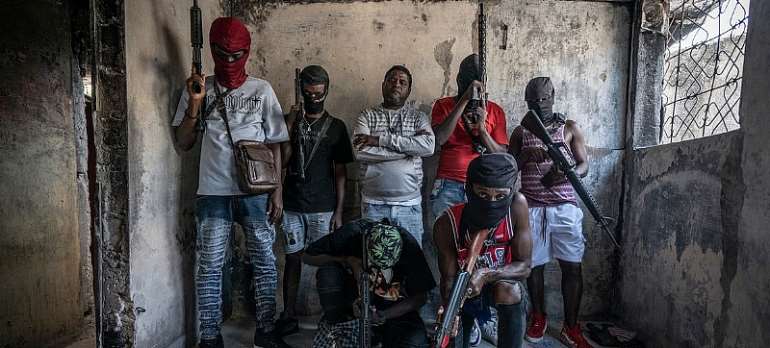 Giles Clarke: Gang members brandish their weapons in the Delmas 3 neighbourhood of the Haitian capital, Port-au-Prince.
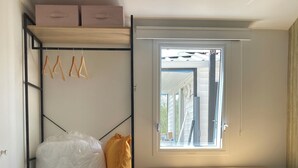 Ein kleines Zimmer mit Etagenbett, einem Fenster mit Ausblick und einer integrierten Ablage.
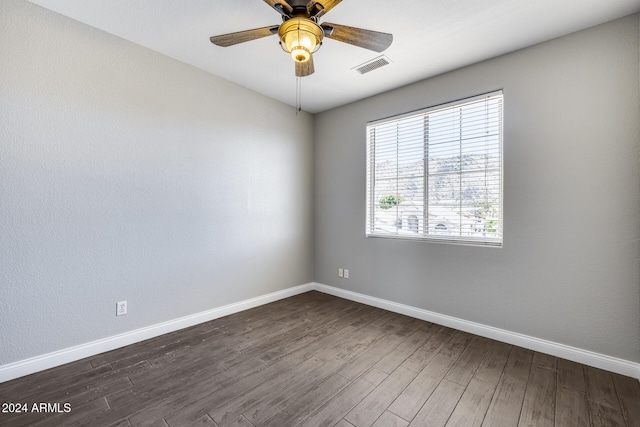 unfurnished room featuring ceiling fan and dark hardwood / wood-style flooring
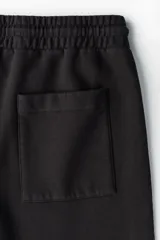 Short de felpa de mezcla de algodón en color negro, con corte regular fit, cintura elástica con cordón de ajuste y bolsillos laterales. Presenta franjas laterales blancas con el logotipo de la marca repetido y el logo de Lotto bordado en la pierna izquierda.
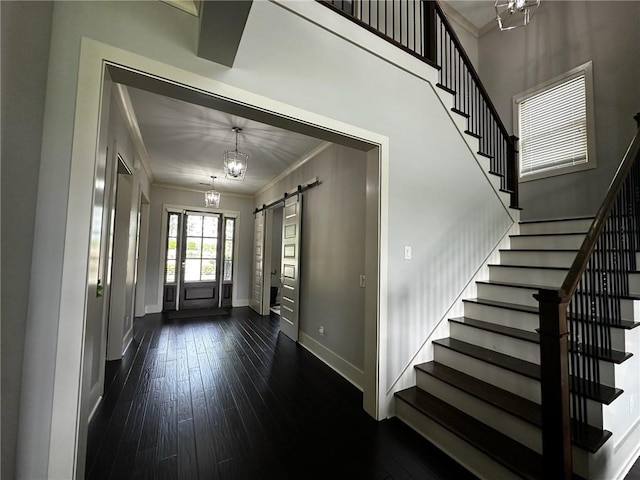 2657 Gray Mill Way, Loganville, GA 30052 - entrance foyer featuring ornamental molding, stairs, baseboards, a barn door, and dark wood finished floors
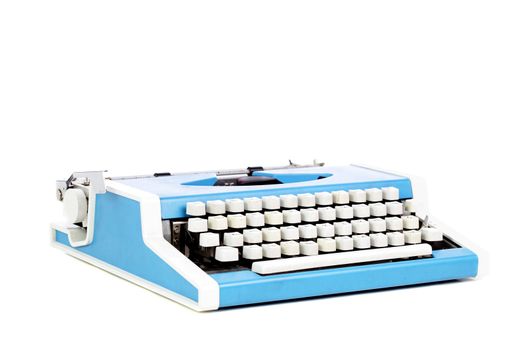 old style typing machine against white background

________

Task: Since the listing holds pictures, return everything else in it exactly and omit those.

Solution to the exercise:
 Giles Clarke: Gang members brandish their weapons in the Delmas 3 neighbourhood of the Haitian capital, Port-au-Prince.
 Ein kleines Zimmer mit Etagenbett, einem Fenster mit Ausblick und einer integrierten Ablage.
 unfurnished room featuring ceiling fan and dark hardwood / wood-style flooring
 Short de felpa de mezcla de algodón en color negro, con corte regular fit, cintura elástica con cordón de ajuste y bolsillos laterales. Presenta franjas laterales blancas con el logotipo de la marca repetido y el logo de Lotto bordado en la pierna izquierda.
 2657 Gray Mill Way, Loganville, GA 30052 - entrance foyer featuring ornamental molding, stairs, baseboards, a barn door, and dark wood finished floors
 old style typing machine against white background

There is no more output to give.